When Alisa Smith and James MacKinnon learned that the average ingredient in a North American meal travels 1,500 miles from farm to plate, they decided to launch a simple experiment to reconnect with the people and places that produced what they ate. For one year, they would only consume food that came from within a 100-mile radius of their Vancouver apartment. The 100-Mile Diet was born.
The couple’s discoveries sometimes shook their resolve. It would be a year without sugar, Cheerios, olive oil, rice, Pizza Pops, beer, and much, much more. Yet local eating has turned out to be a life lesson in pleasures that are always close at hand. They met the revolutionary farmers and modern-day hunter-gatherers who are changing the way we think about food. They got personal with issues ranging from global economics to biodiversity. They called on the wisdom of grandmothers, and immersed themselves in the seasons.

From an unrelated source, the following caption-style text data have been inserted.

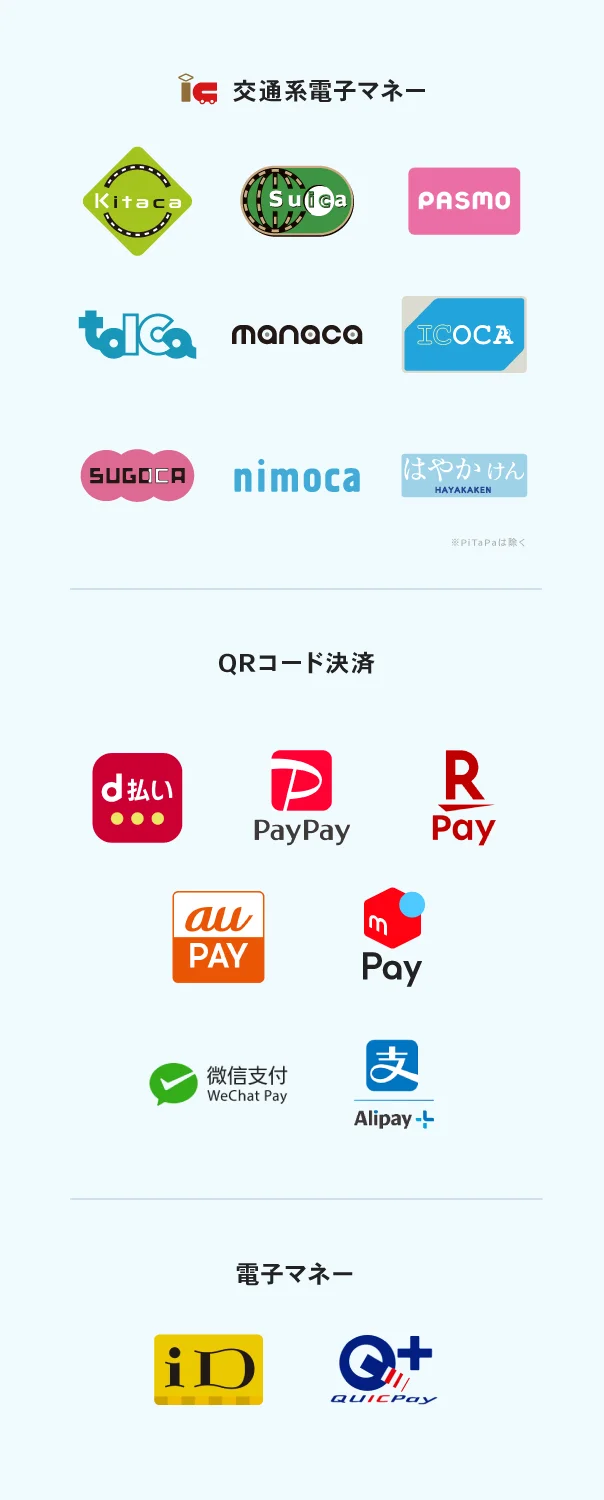 交通系電子マネー：Kitaca、Suica、PASMO、toica、manaca、ICOCA、SUGOCA、nimoca、はやかけん（PiTaPaは除く）／QRコード決済：d払い、PayPay、楽天ペイ、au PAY、メルペイ、WeChat Pay、Alipay+／電子マネー：iD、QUICPay
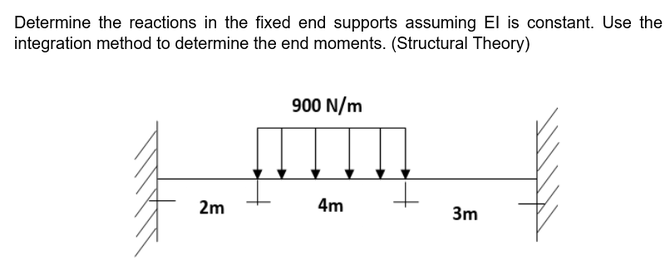 Determine the reactions in the fixed end supports assuming El is constant. Use the
integration method to determine the end moments. (Structural Theory)
2m
900 N/m
4m
3m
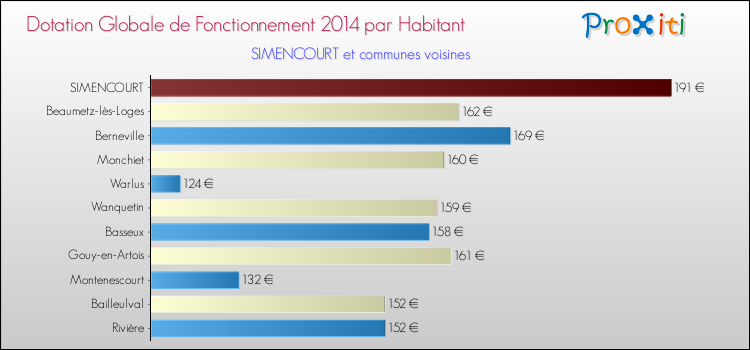 Montant des dotations globales de fonctionnement DGF par Habitant pour SIMENCOURT et les communes proches en 2014. Comparaison des des dotations globales de fonctionnement DGF par habitant pour SIMENCOURT et les communes voisines en 2014.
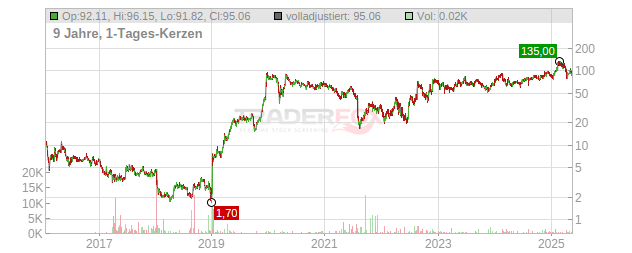Axsome Therapeutics Chart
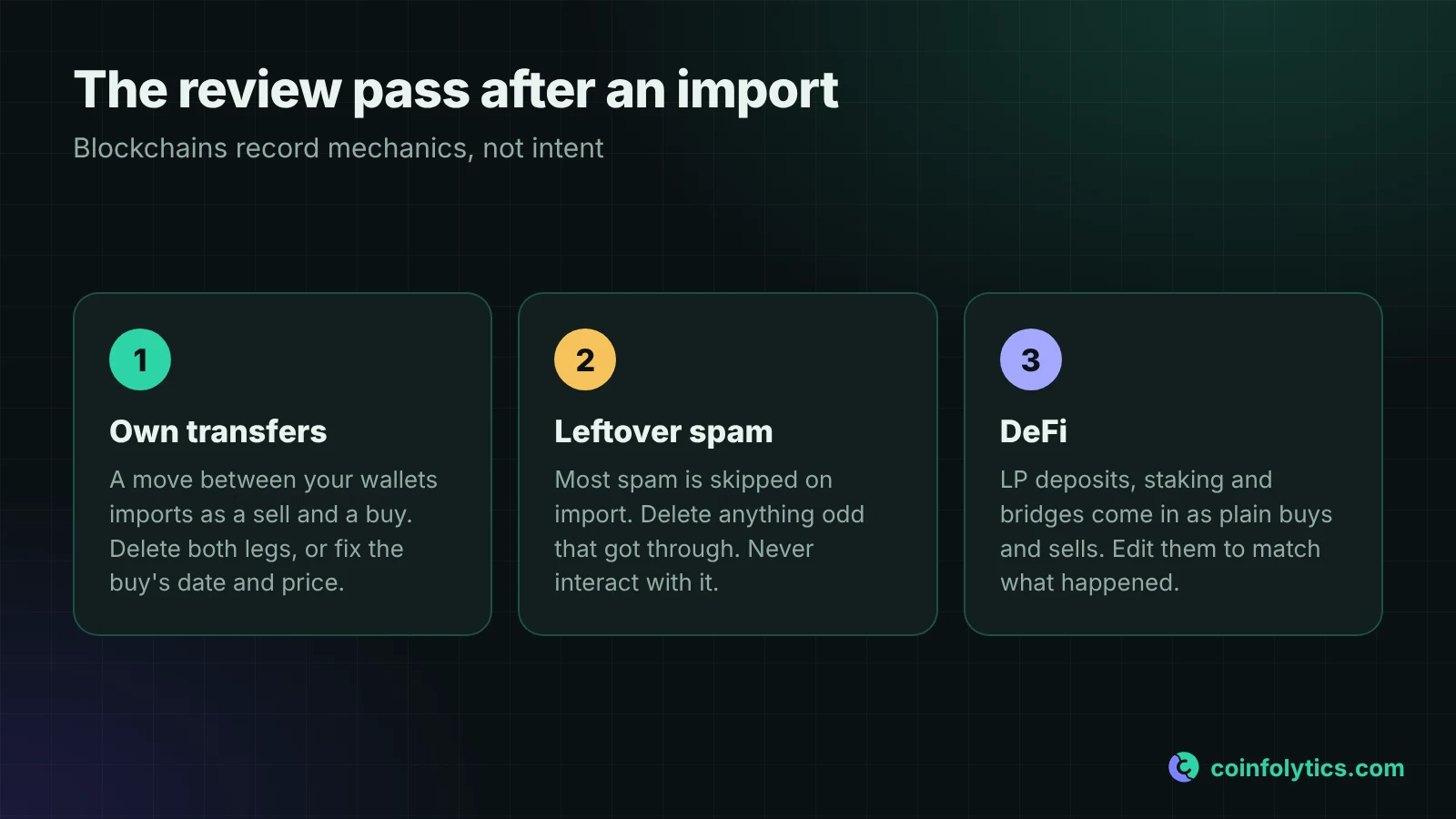Three-step review after importing a wallet: 1 fix moves between your own wallets, 2 delete leftover spam, 3 check DeFi transactions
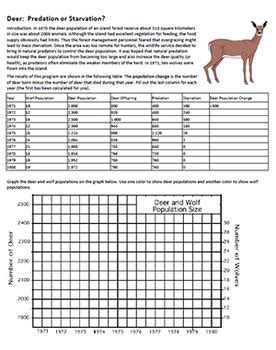 reindeer population lab answer key PDF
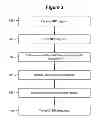 Fig. 04 - System and method for providing simplified programming constructs for user activities in a telecommunications application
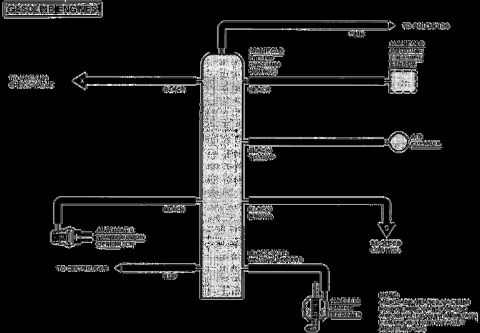 1992 Ford Bronco - This diagram illustrates a chemical process involving a distillation column and associated piping.
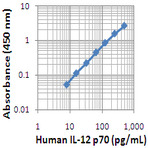 LEGEND MAX(TM) Human IL-12 (p70) ELISA Kit with Pre-coated Plates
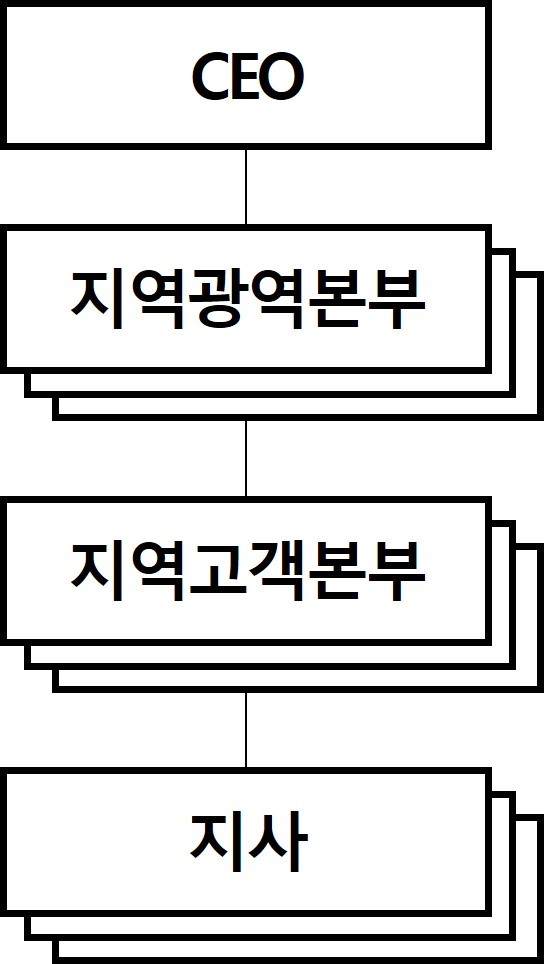 이미지: B2C 판매조직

They discovered a host of new flavours, from gooseberry wine to sunchokes to turnip sandwiches, foods that they never would have guessed were on their doorstep.

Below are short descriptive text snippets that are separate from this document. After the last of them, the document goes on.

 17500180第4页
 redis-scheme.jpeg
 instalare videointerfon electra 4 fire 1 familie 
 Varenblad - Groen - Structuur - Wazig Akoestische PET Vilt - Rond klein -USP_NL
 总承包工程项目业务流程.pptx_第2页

The 100-Mile Diet struck a deeper chord than anyone could have predicted, attracting media and grassroots interest that spanned the globe. The 100-Mile Diet: A Year of Local Eating tells the full story, from the insights to the kitchen disasters, as the authors transform from megamart shoppers to self-sufficient urban pioneers. The 100-Mile Diet is a pathway home for anybody, anywhere.

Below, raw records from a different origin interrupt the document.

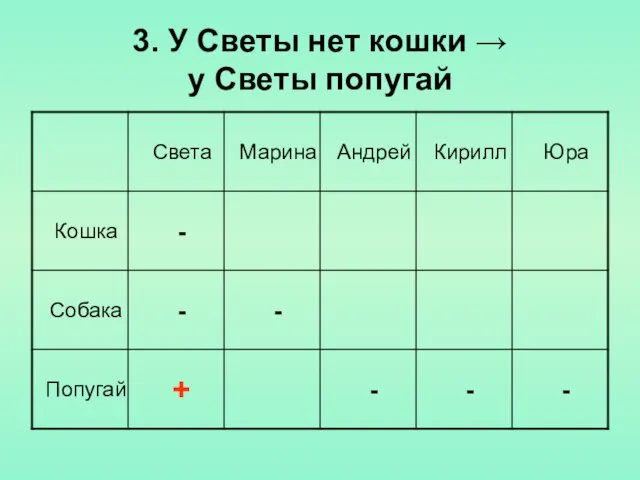 3. У Светы нет кошки → у Светы попугай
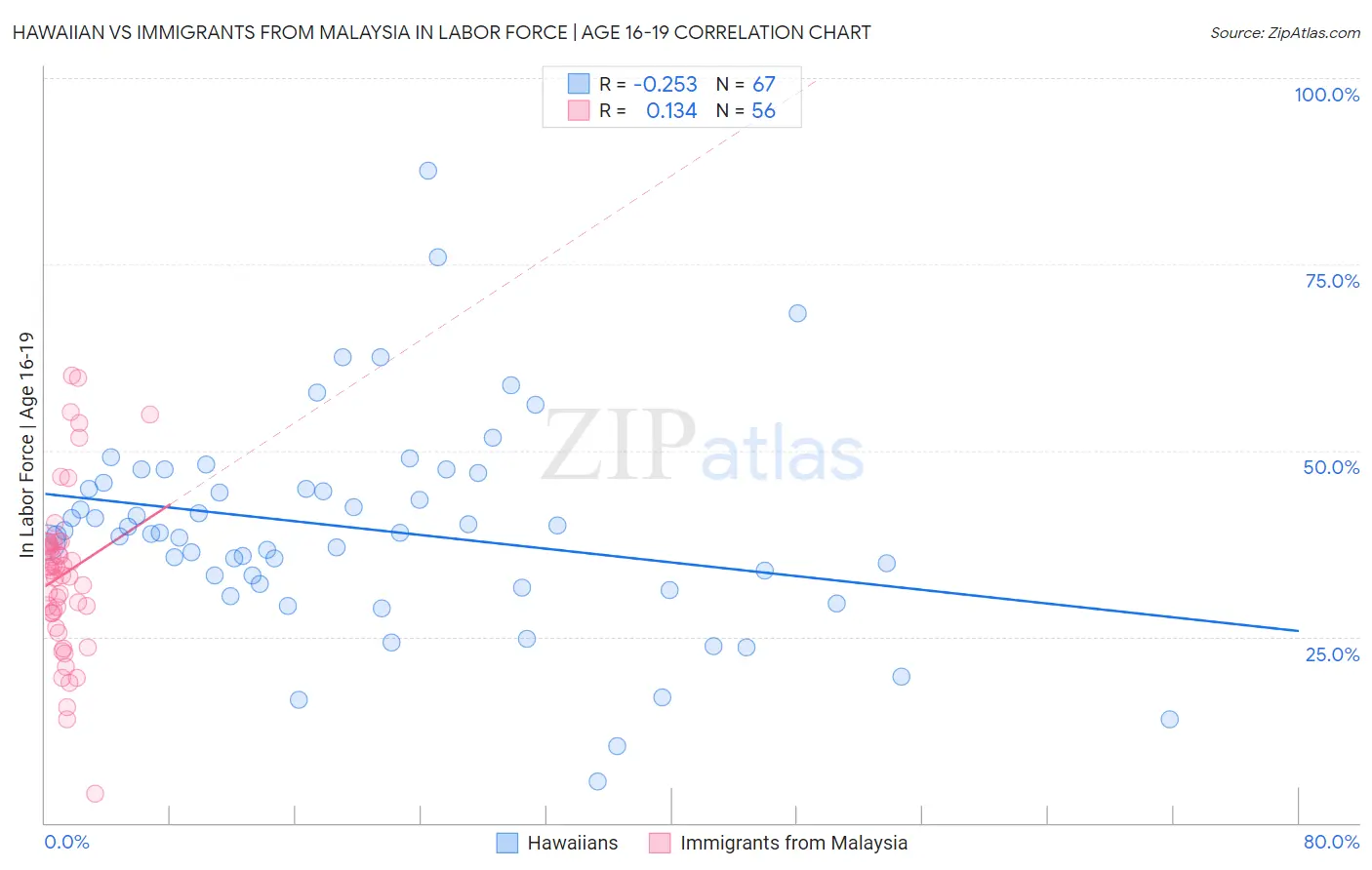 Hawaiian vs Immigrants from Malaysia In Labor Force | Age 16-19
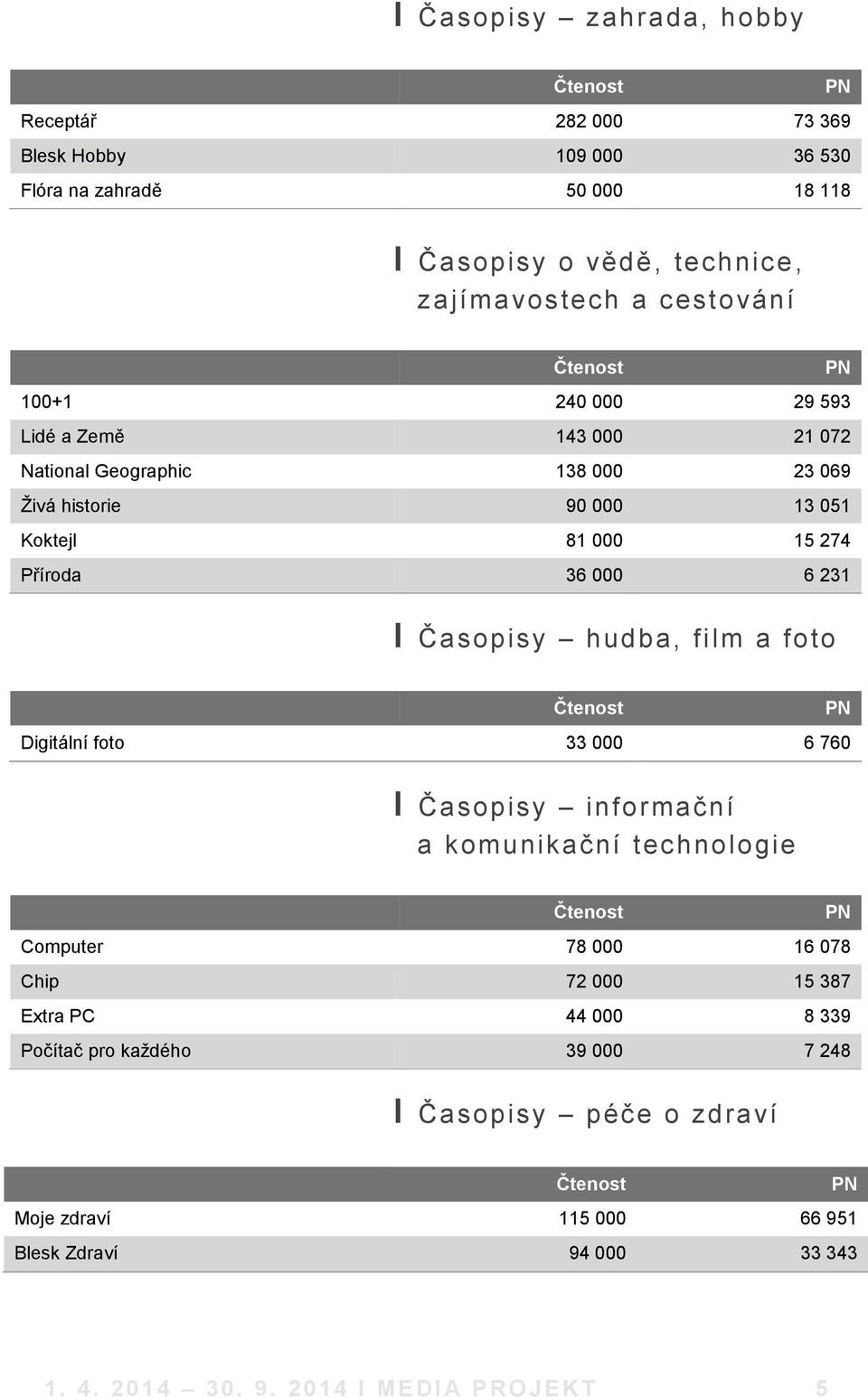 Časopisy hudba, film a foto Čtenost PN Digitální foto 33 000 6 760 І Časopisy informační a komunikační technologie Čtenost PN Computer 78 000 16 078 Chip 72 000 15 387 Extra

Call me naive, but I never knew that flour would be struck from our 100-Mile Diet. Wheat products are just so ubiquitous, “the staff of life,” that I had hazily imagined the stuff must be grown everywhere. But of course: I had never seen a field of wheat anywhere close to Vancouver, and my mental images of late-afternoon light falling on golden fields of grain were all from my childhood on the Canadian prairies. What I was able to find was Anita’s Organic Grain & Flour Mill, about 60 miles up the Fraser River valley. I called, and learned that Anita’s nearest grain suppliers were at least 800 miles away by road. She sounded sorry for me. Would it be a year until I tasted a pie?
—From The 100-Mile Diet
Freelance journalist Smith and MacKinnon (Dead Man in Paradise) recount their yearlong experiment of living on a diet of foods grown within 100 miles of their home in Vancouver, B.C. They forgo foods such as oil and salt when they realize these common staples, among many other food sources, travel great distances before reaching one's supermarket. They discuss the challenges and sacrifices they endure as they commit themselves to a philosophy of living on locally grown produce and a way of life radically different from what they had known. While this is an illuminating story, many issues are not addressed, such as the impact of this diet on one's health and one's wallet and whether it would be possible for an ordinary family to engage in such a way of life. Nevertheless, this is an eye-opening account and a good read about the couple's particular experience. Academic studies, historical research, and primary sources enrich their memoir, which includes references to biologist Edward O. Wilson's The Diversity of Lifeand Eric Schlosser's Fast Food Nation. An acknowledgments section is provided; however, a bibliography would have been more useful. Recommended for public libraries.